Sem dúvida, a complexidade dos problemas que caracterizam os sistemas de saúde requer uma multiplicidade de métodos e perspectivas de análise para identificar e implementar soluções adequadas. Nesse sentido, um pluralismo metodológico baseado numa concepção integrada e multidisciplinar tornou-se fundamental no campo de estudo definido como “pesquisa em serviços de saúde” (Health Services Research), no qual, para além das ciências biomédicas e da epidemiologia, é imprescindível a contribuição das ciências sociais, não entendidas somente como economia e estatística, mas também como sociologia, antropologia e psicologia social, dentre outras disciplinas.

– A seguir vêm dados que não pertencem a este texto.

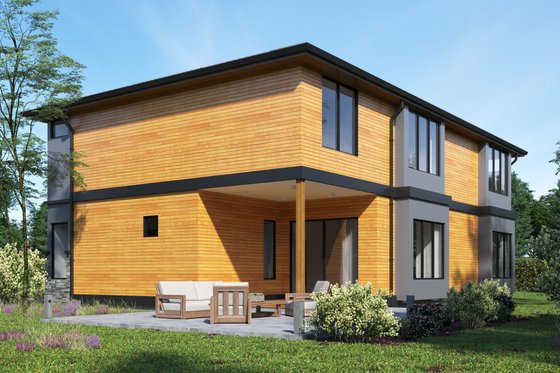 Exterior - Rear Elevation for Contemporary House Plan #1066-49 - 4 bed, 3 bath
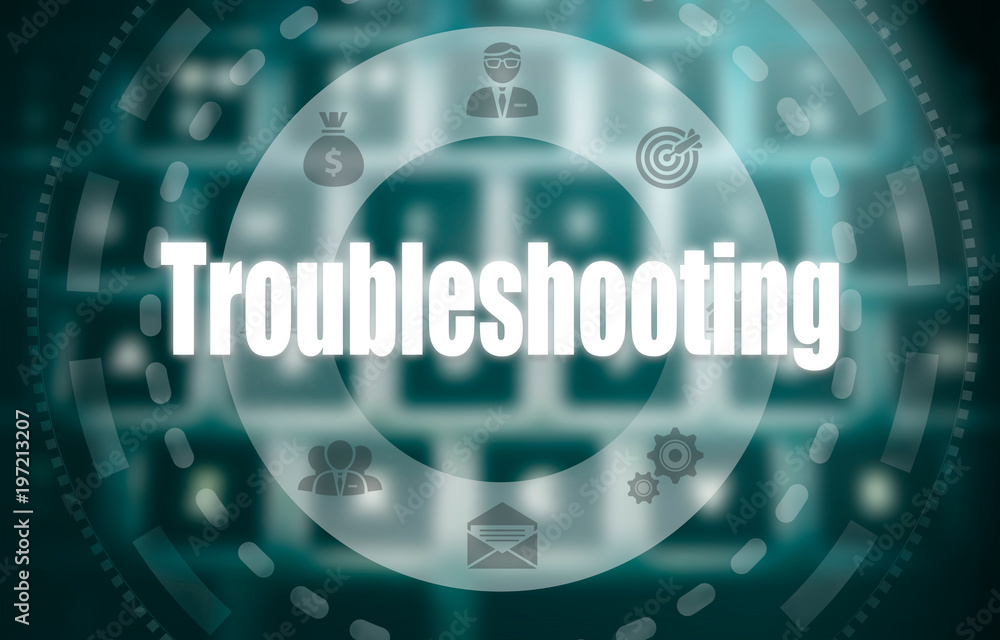 A Troubleshooting concept on a futuristic computer display over a blured image of a keyboard. A Troubleshooting concept on a futuristic computer display over a blured image of a keyboard.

Há um amplo consenso de que os métodos qualitativos enriquecem o nosso conhecimento sobre saúde e organização dos cuidados de saúde e, ao mesmo tempo, melhoram a descrição e explicação de fenómenos complexos e emergentes. A abordagem qualitativa, tal como assinalam inúmeros estudiosos, possui uma perspectiva privilegiada para compreender os fenómenos dentro do seu próprio contexto e descobrir as ligações entre conceitos e comportamentos, permitindo aos investigadores gerar ou refinar as teorias e os marcos conceituais (Bradley et al. 2007). O crescente papel desempenhado pelos métodos qualitativos no campo da saúde reflete a necessidade de aprofundar o conhecimento do ambiente natural (naturalistic setting) dos fenómenos analisados, a importância de compreender o contexto das intervenções, a complexidade de introduzir inovações sociais, assim como a rapidez das mudanças tecnologicas e organizacionais no setor da saúde. Há uma ampla concordância sobre o fato de que as questões relativas à natureza, às percepções e ao significado da experiência de saúde e doença são melhor abordadas pelos estudos qualitativos que, entre outras qualidades, permitem também compreender a voz e a experiência dos que geralmente são poucos escutados nos serviços de saúde (Rundall et al., 1999).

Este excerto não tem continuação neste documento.